── RECORDED DATA

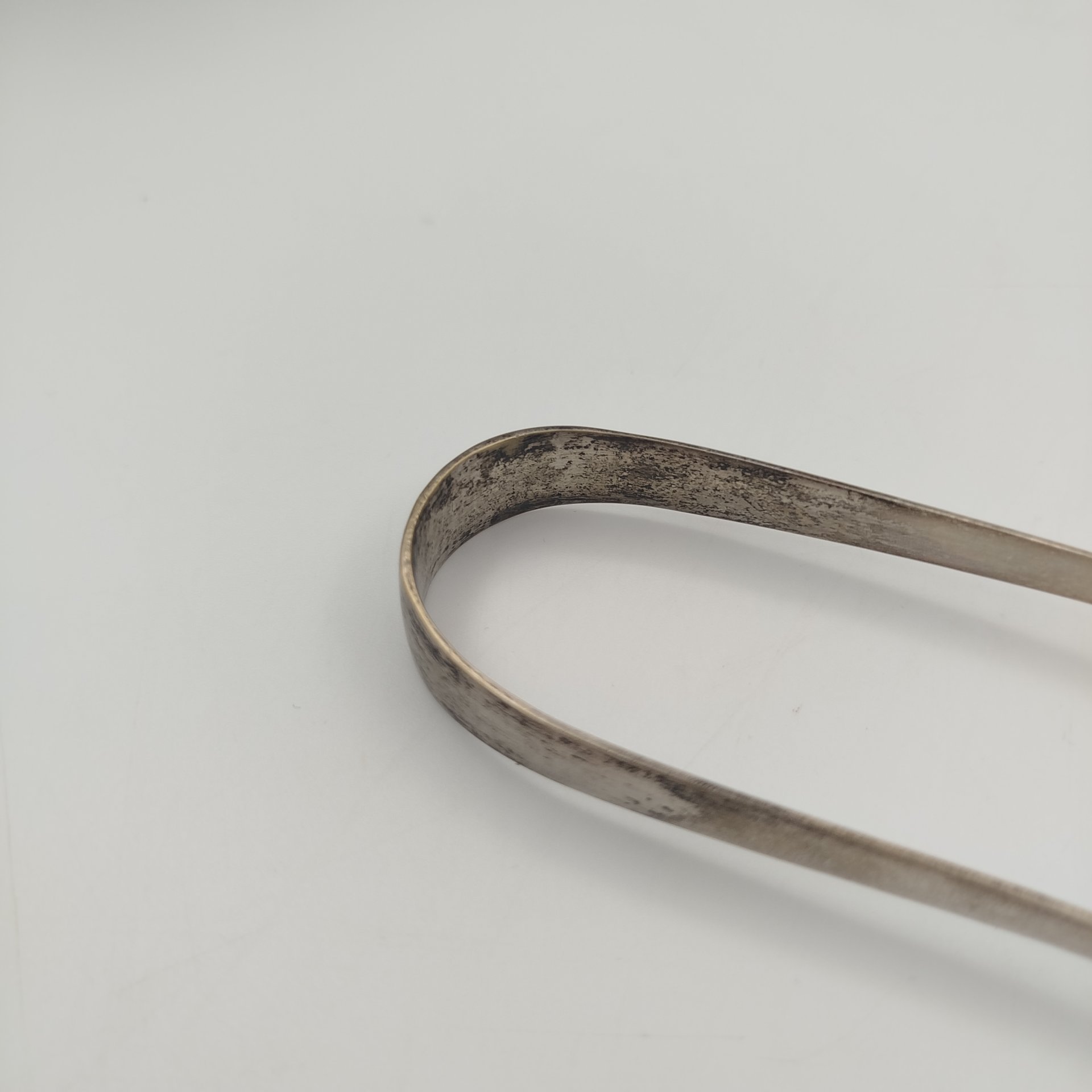 Ведерко для льда с орнаментальным декором в восточном стиле, щипцы в комплекте, латунь, серебрение, гравировка, Индия, 1970-1990 гг.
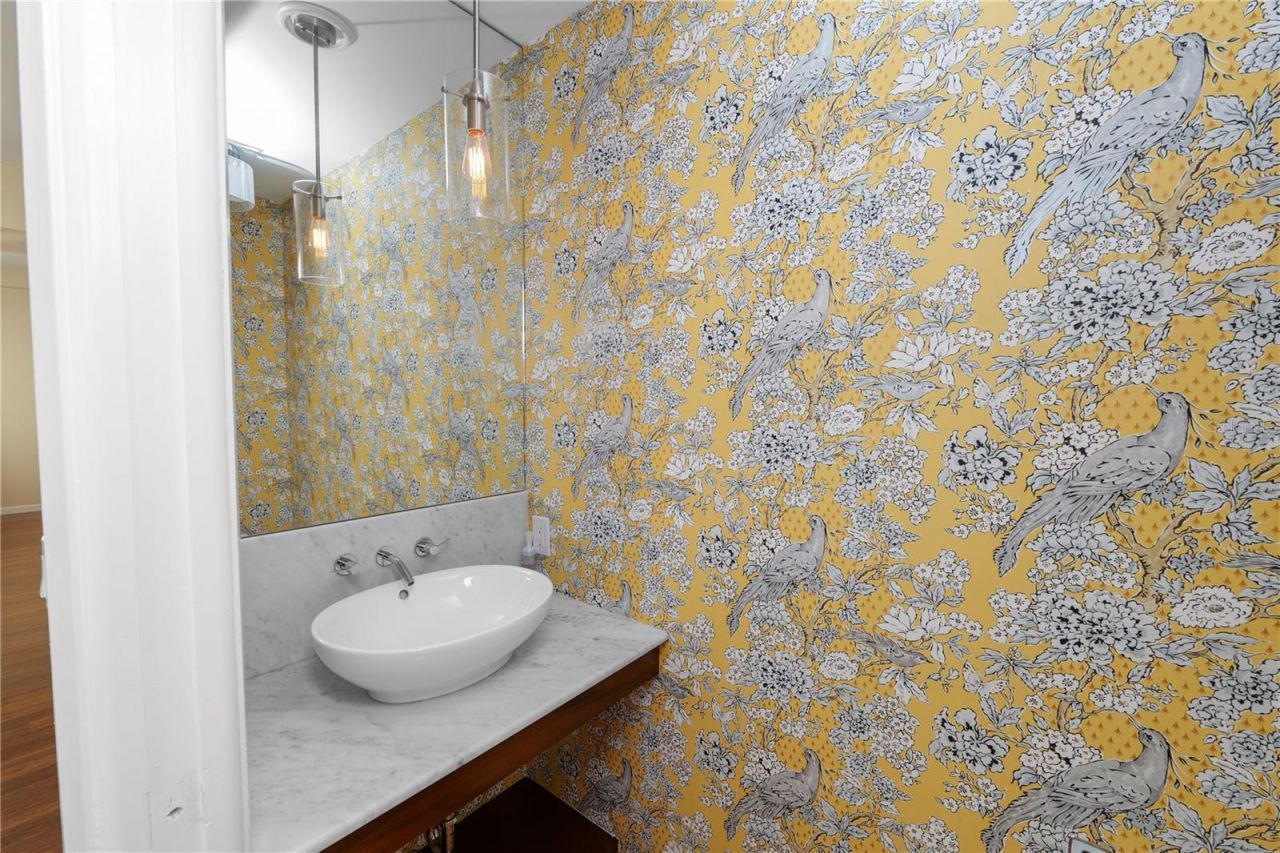 405 Central Ave, Unit 210, Saint Petersburg, FL 33701 Photo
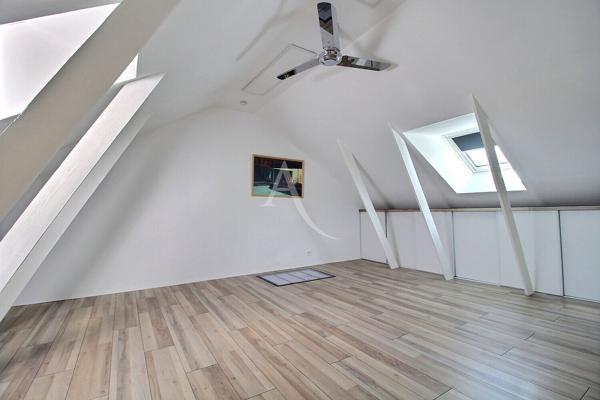 Maison Elancourt 5 pièces de 107 m² 3 chambres, 1 bureau sur une parcelle de 139 m²
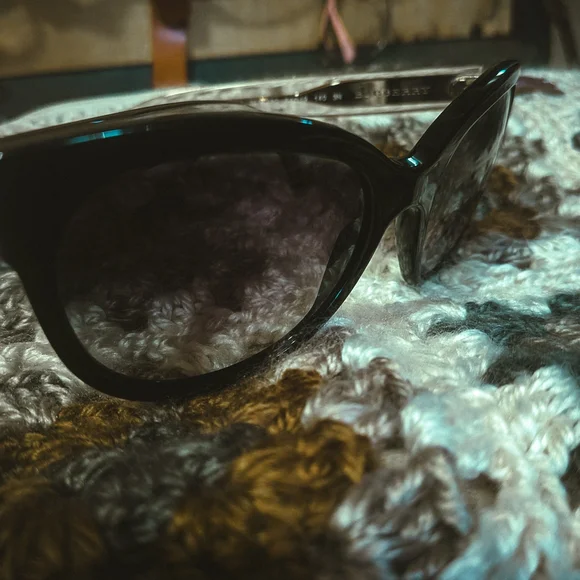 Burberry Classic Black Sunglasses - Picture 4 of 12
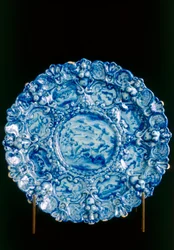 Plato con soldado y dos mujeres, manufactura de Savona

────

• **WHAT THE TASK ASKS**
In the records above, find the line containing "Maison Elancourt 5", then please restate it and each line after it word for word, pictures excluded.

• **THE COMPLETED TASK**
 Maison Elancourt 5 pièces de 107 m² 3 chambres, 1 bureau sur une parcelle de 139 m²
 Burberry Classic Black Sunglasses - Picture 4 of 12
 Plato con soldado y dos mujeres, manufactura de Savona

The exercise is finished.